### Data provided
■ ■ ■ ■ ■ ■ ■

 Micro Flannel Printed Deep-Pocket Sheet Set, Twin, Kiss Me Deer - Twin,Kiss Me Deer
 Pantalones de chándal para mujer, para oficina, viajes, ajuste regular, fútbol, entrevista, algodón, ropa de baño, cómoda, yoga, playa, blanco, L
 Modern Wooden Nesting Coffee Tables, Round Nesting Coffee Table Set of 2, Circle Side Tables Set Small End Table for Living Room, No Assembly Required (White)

■ ■ ■ ■ ■ ■ ■

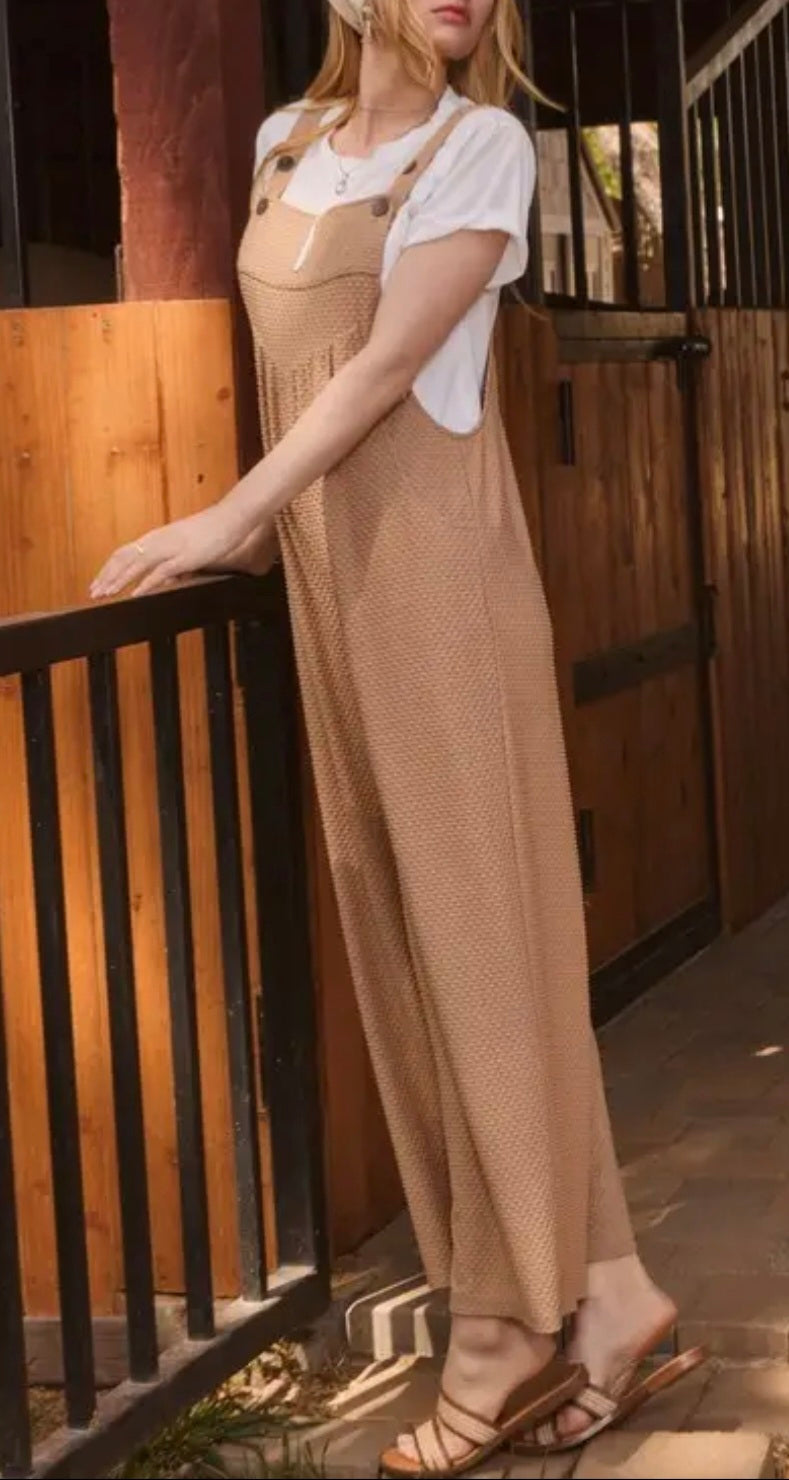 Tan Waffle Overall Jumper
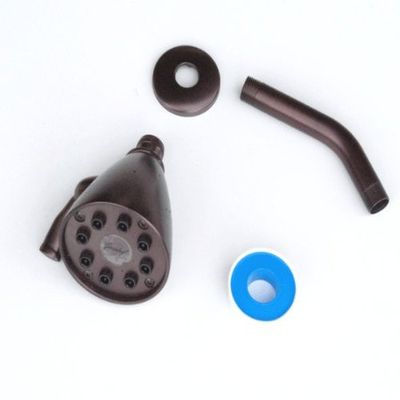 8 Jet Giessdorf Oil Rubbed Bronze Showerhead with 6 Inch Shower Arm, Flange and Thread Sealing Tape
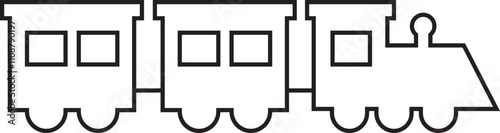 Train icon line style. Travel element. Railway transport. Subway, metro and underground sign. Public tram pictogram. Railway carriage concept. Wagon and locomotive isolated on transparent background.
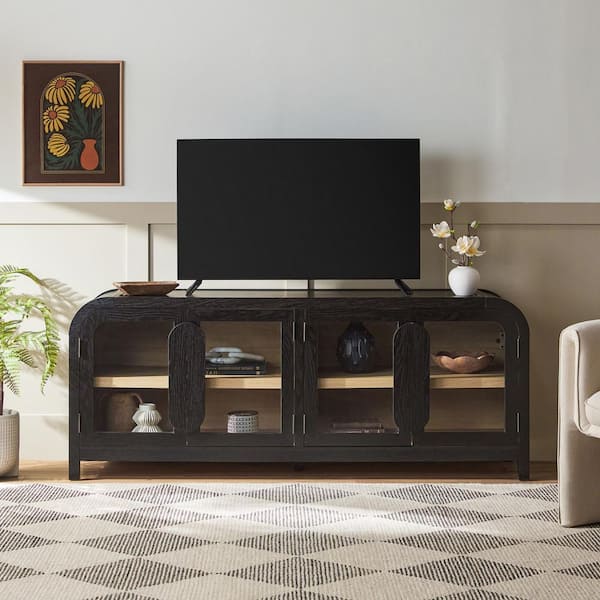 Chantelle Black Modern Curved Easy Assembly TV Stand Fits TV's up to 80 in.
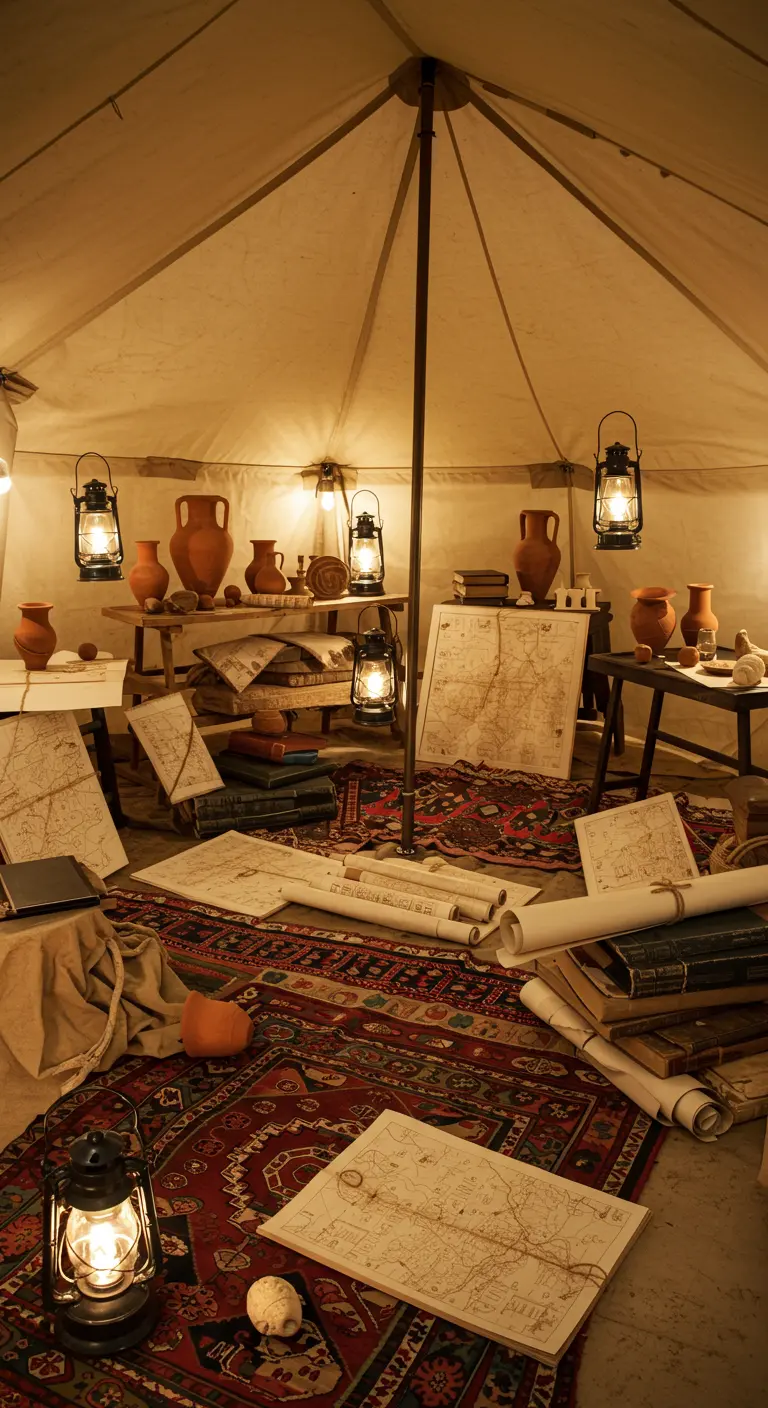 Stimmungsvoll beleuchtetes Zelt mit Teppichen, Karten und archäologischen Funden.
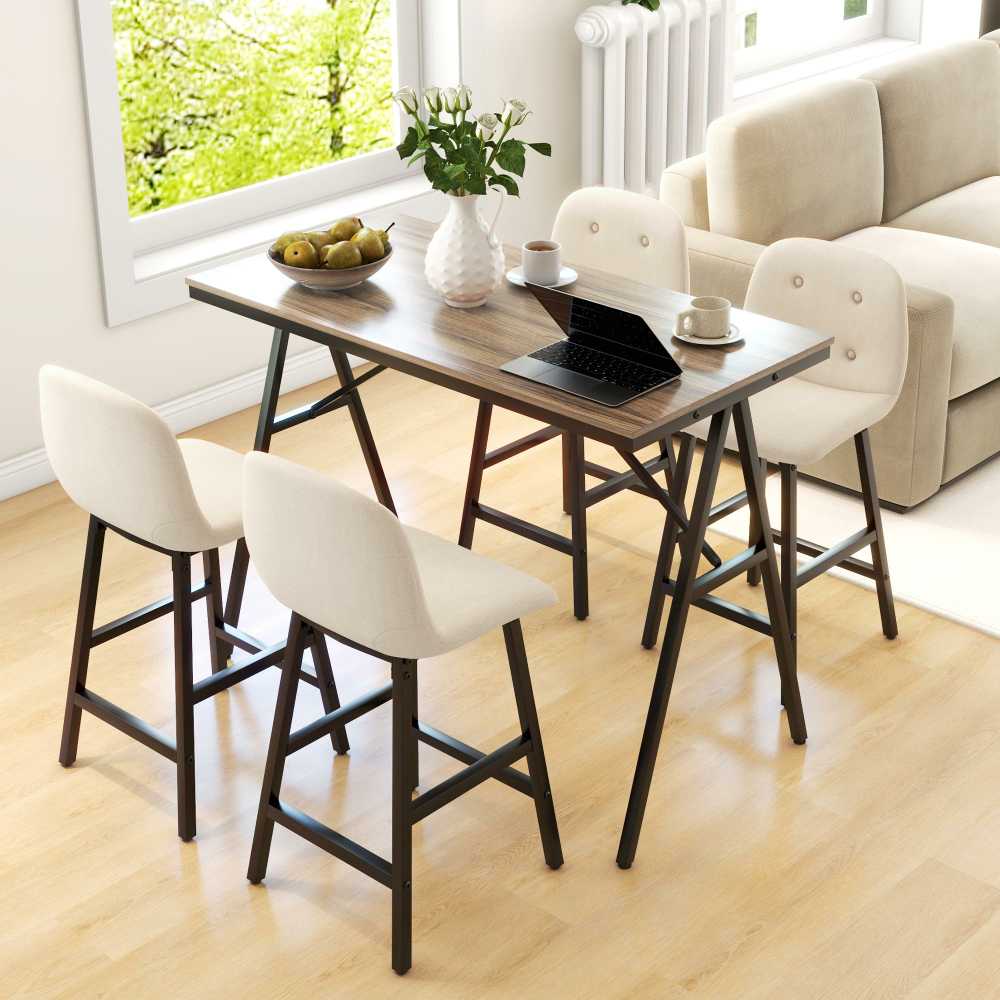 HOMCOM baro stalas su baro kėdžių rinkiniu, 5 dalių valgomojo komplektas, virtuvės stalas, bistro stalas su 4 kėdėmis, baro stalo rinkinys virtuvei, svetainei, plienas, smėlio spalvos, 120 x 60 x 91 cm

■ ■ ■ ■ ■ ■ ■

### Description of the task
Working from the data above, extract solely the lines from the one containing "Micro Flannel Printed" through the one containing "Modern Wooden Nesting", exactly as they appear, both included.

### Solution to this task
 Micro Flannel Printed Deep-Pocket Sheet Set, Twin, Kiss Me Deer - Twin,Kiss Me Deer
 Pantalones de chándal para mujer, para oficina, viajes, ajuste regular, fútbol, entrevista, algodón, ropa de baño, cómoda, yoga, playa, blanco, L
 Modern Wooden Nesting Coffee Tables, Round Nesting Coffee Table Set of 2, Circle Side Tables Set Small End Table for Living Room, No Assembly Required (White)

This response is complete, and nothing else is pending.